Neo4j database files are persisted to storage for long term durability. Data related files located in data/databases/graph.db (v3.x+) by default in the Neo4j data directory. Below will give you an idea of the type of files you’ll find, prefaced with neostore.* and what data they are storing:
- nodestore* Stores node related data from your graph
- relationship* Stores data related to the relationships created and defined in your graph
- property* Stores the key/value properties from your database
- label* Stores index related label data from your graph
Since Neo4j is a schema-less database, we use fixed record lengths to persist data and follow offsets in these files to know how to fetch data to answer queries. The following table illustrates the fixed sizes Neo4j uses for the type of Java objects being stored:
- The property record has a payload of 32bytes, which is divided into four 8B blocks. Each field can hold either a key or a value, or both a key and a value.
- the key and type occupies 3.5 bytes (key 4bit, type 24bit)
- boolean, byte, short, int, char, float are fitted in the remaining bytes of that same block
- a small long is also fitted in the same block
- a big long or a double are stored in a separate block (meaning two blocks used by that property)
- a reference to the string store or array store is fitted in the same block as the key
- a short string or short array is stored in the same record if it fits in the remaining blocks (including the remaining bytes of the key-block)
- long strings/arrays that do not fit in 8B blocks will have a pointer to a record on the string/array store (128B)
- … other types get more involved!
Data stored on disk is all linked lists of fixed size records. Properties are stored as a linked list of property records, each holding a key and value and pointing to the next property. Each node and relationship references its first property record. The Nodes also reference the first relationship in its relationship chain. Each Relationship references its start and end node. It also references the previous and next relationship record for the start and end node respectively.

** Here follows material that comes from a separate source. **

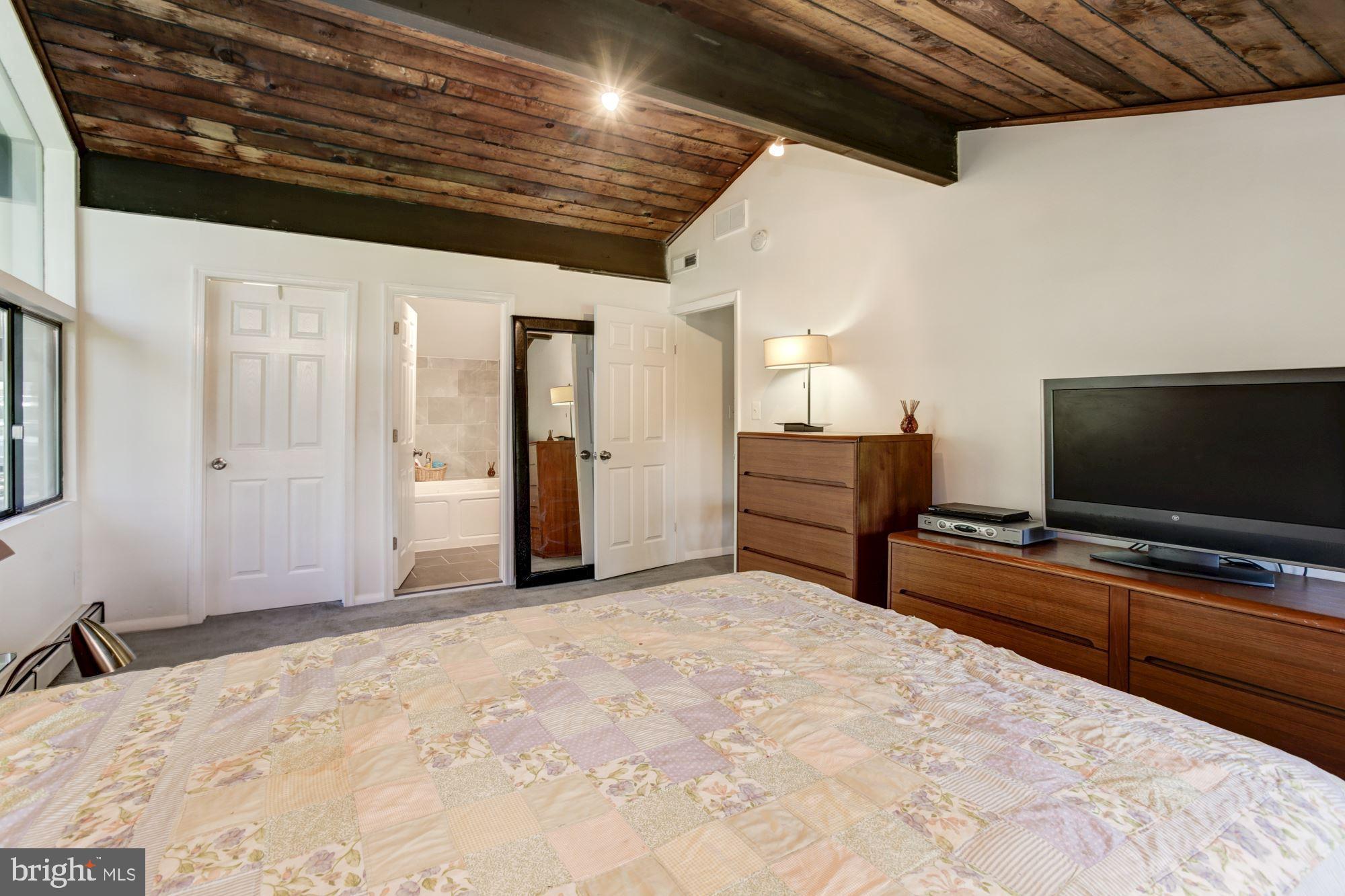 CLARKSVILLE HUNT - Residential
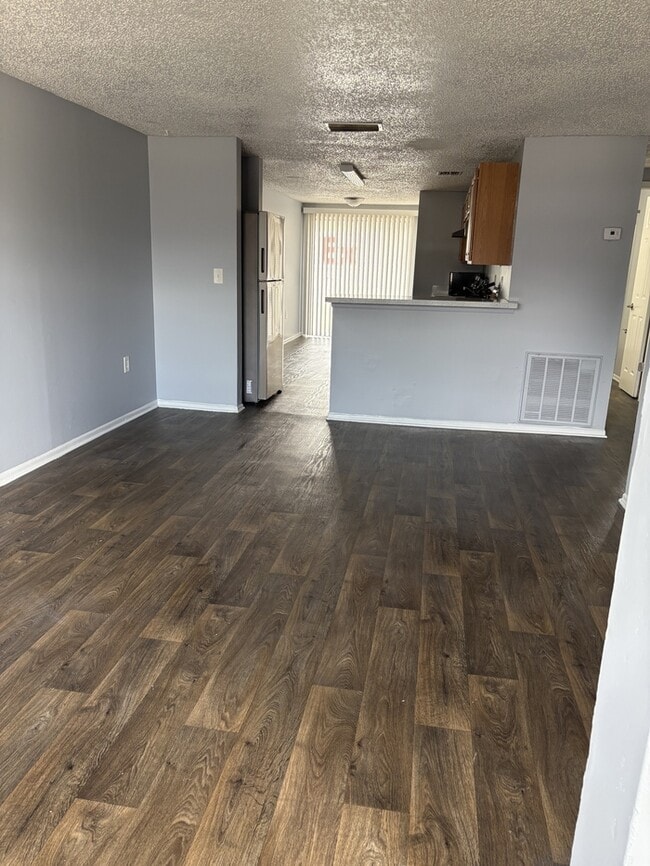 Building Photo - 7830 40th Ave Dr W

A basic example disk space calculation could be something like:
For the sake of simplicity, we assume a 1:1 property to property record ratio meaning one single property will always be 41B. Obviously, as per the considerations above, this may not be as trivial in real life scenarios.
Node count: 4M nodes
- Each node has 3 properties (12M properties total)
Relationship count: 2M relationships
- Each relationship has 1 property (2M properties total)
- Nodes: 4.000.000x15B = 60.000.000B (60MB)
- Relationships: 2.000.000x34B = 68.000.000B (68MB)
- Properties: 14.000.000x41B = 574.000.000B (574MB)
- TOTAL: 703MB
Node count: 16M nodes
- Each node has 5 properties (80M properties total)
Relationship count: 8M relationships
- Each relationship has 2 properties (16M properties total)
- Nodes: 16.000.000x15B = 240.000.000B (240MB)
- Relationships: 8.000.000x34B = 272.000.000B (272MB)
- Properties: 96.000.000x41B = 3.936.000.000B (3936MB)
- Indexes: 4448MB * ~33% = 1468MB
- TOTAL: 5916MB
You can take these values to have an idea of what to expect regarding disk size and growth.